Michael A. Martinez21 August 2012
Warning: Spoilers
This one gets my vote for "best" Steven Seagal action picture. Sure UNDER SIEGE is slicker and more expensive, ABOVE THE LAW has a more serious and compelling story, and OUT FOR JUSTICE has Seagal at his self-righteously most over the top, but none of those are half as fun as this little gem.

Admittedly the plot to this film is on the simplistic side and it takes itself quite seriously for the most part. Seagal here is an originally unwilling crusader against drug gangs and violence but of course kills more people and causes more mayhem and property damage than any cartel ever did. Already at this point was he starting to exhibit some of his quirky mannerisms (obvious stunt doubles and enigmatic heroes who disappear to let their lackies do the "boring" stuff) which turned into B-action tropes over the years. He also starts to find his own identity as a bonafide 80's era action star with snappy post-mortem one-liners and creative almost artfully balletic corpse-kills.

A lot of the fun comes from the ethnocentrism at hand in the form of the ridiculousness assigned to the antagonistic Jamaican cartel. Their heavily accented dialog and Basil Wallace's performance as their leader makes it feel as though Seagal is up against a gang of cartoon characters. The movie casts aside any shred of realism and treats us to seeing Seagal cathartically and unemotionally taking down multiple adversaries at once without even breaking a sweat. This was the only film I think Seagal did for 20th Century Fox so perhaps that's why it breaks a mold a little bit and allows the villains to land a few punches on our mighty hero (not that it makes any difference).

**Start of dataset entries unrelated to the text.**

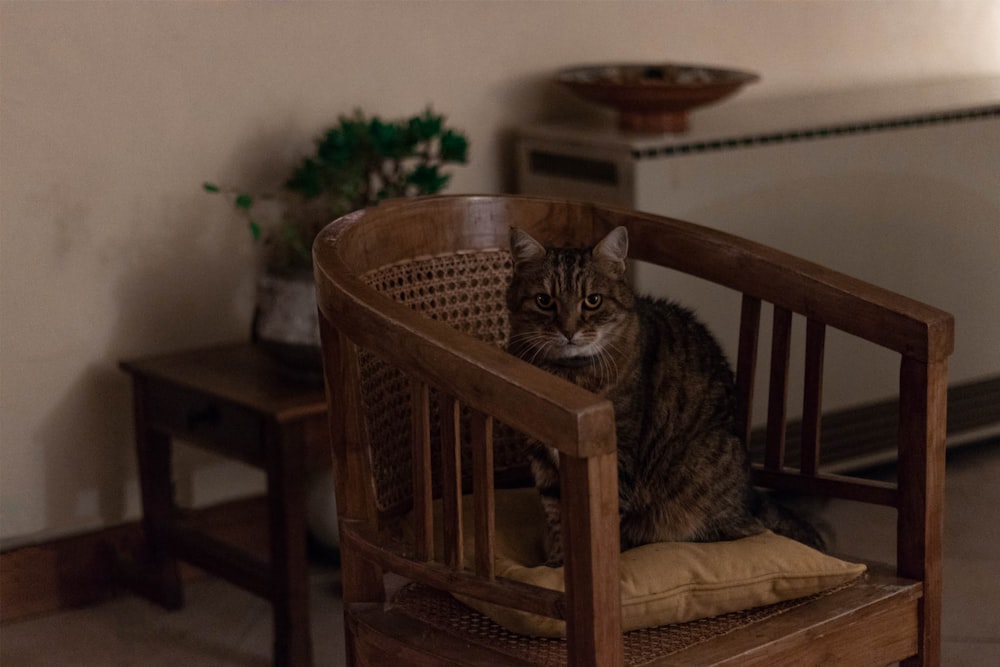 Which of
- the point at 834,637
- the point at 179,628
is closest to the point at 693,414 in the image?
the point at 834,637

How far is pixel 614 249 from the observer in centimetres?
143

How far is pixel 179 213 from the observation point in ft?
7.67

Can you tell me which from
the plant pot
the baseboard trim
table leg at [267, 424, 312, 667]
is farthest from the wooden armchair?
the baseboard trim

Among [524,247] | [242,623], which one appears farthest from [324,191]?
[524,247]

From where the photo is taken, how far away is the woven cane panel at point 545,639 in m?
1.21

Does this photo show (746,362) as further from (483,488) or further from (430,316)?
(483,488)

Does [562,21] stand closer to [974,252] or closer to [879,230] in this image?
[879,230]

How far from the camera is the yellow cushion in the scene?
48.9 inches

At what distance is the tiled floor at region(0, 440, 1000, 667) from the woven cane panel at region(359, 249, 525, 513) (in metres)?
0.77

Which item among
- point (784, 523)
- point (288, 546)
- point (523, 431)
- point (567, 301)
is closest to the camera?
point (523, 431)

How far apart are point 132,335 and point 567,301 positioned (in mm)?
1210

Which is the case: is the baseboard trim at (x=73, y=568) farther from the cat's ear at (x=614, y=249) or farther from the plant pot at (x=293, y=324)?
the cat's ear at (x=614, y=249)

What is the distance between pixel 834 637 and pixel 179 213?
4.86ft

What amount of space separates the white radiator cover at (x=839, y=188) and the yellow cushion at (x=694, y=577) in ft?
3.42
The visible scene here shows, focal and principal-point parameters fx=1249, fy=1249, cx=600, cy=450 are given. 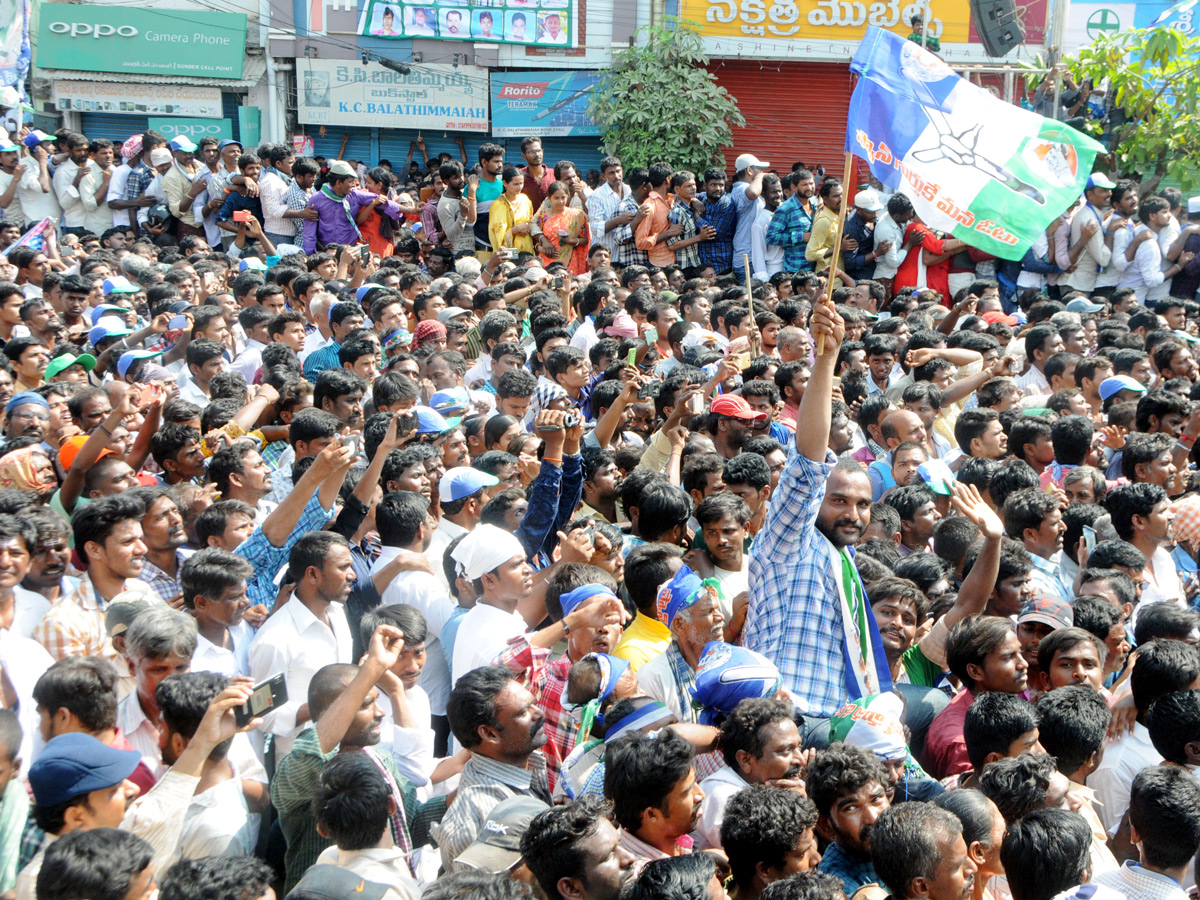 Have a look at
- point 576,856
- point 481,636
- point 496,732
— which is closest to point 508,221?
point 481,636

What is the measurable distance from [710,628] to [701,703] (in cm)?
30

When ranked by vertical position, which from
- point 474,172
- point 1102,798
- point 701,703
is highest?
point 474,172

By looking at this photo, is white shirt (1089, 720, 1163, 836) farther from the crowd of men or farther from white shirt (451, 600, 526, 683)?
white shirt (451, 600, 526, 683)

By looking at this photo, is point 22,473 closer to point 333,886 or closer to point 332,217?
point 333,886

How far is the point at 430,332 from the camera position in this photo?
789 centimetres

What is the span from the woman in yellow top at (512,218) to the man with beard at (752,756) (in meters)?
8.39

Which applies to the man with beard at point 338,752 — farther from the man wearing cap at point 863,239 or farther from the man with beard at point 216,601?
the man wearing cap at point 863,239

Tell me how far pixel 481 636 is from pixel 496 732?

One cannot talk about this movie without mentioning Basil Wallace's delirious portrayal of perhaps the most emotionally unbalanced villain of any action movie, and that includes anything Vernon Wells has ever done. He enthusiastically incantates voodoo and mysticism with wild-eyed abandon in an effort to intimidate his posse, but it largely comes across as quite comical. He's the polar opposite of the wooden and inexpressive Seagal, who just sort of drifts around and looks annoyed when there's no more baddies to murder.

Pathetically the film tries to go the PC route and with the casting of Jamaican Tom Wright as a vindictive Island cop and American black character actor Keith David as Seagal's buddy vigilante. Amazingly, David's character is the close-minded one and no chance is spared to teach him how Jamaica as a tough but unfortunate breeding ground for vermin, though mostly populated by mostly good people. I don't know if it was out of PC-ness or in keeping with the tone of the villainy in the film, but the soundtrack contains a lot of great reggae tracks, largely by the one and only Jimmy Cliff who even appears in the film as himself singing about the upcoming death of the film's villain (!). The film ends on a high note with a nonstop action spectacular and immediately rolls into one of the most unforgettable reggae songs of all time. I really don't know who John Crow was or what he had to do with anything (perhaps they changed Hatcher's name at some point during production?) but at least we got a great song out of it.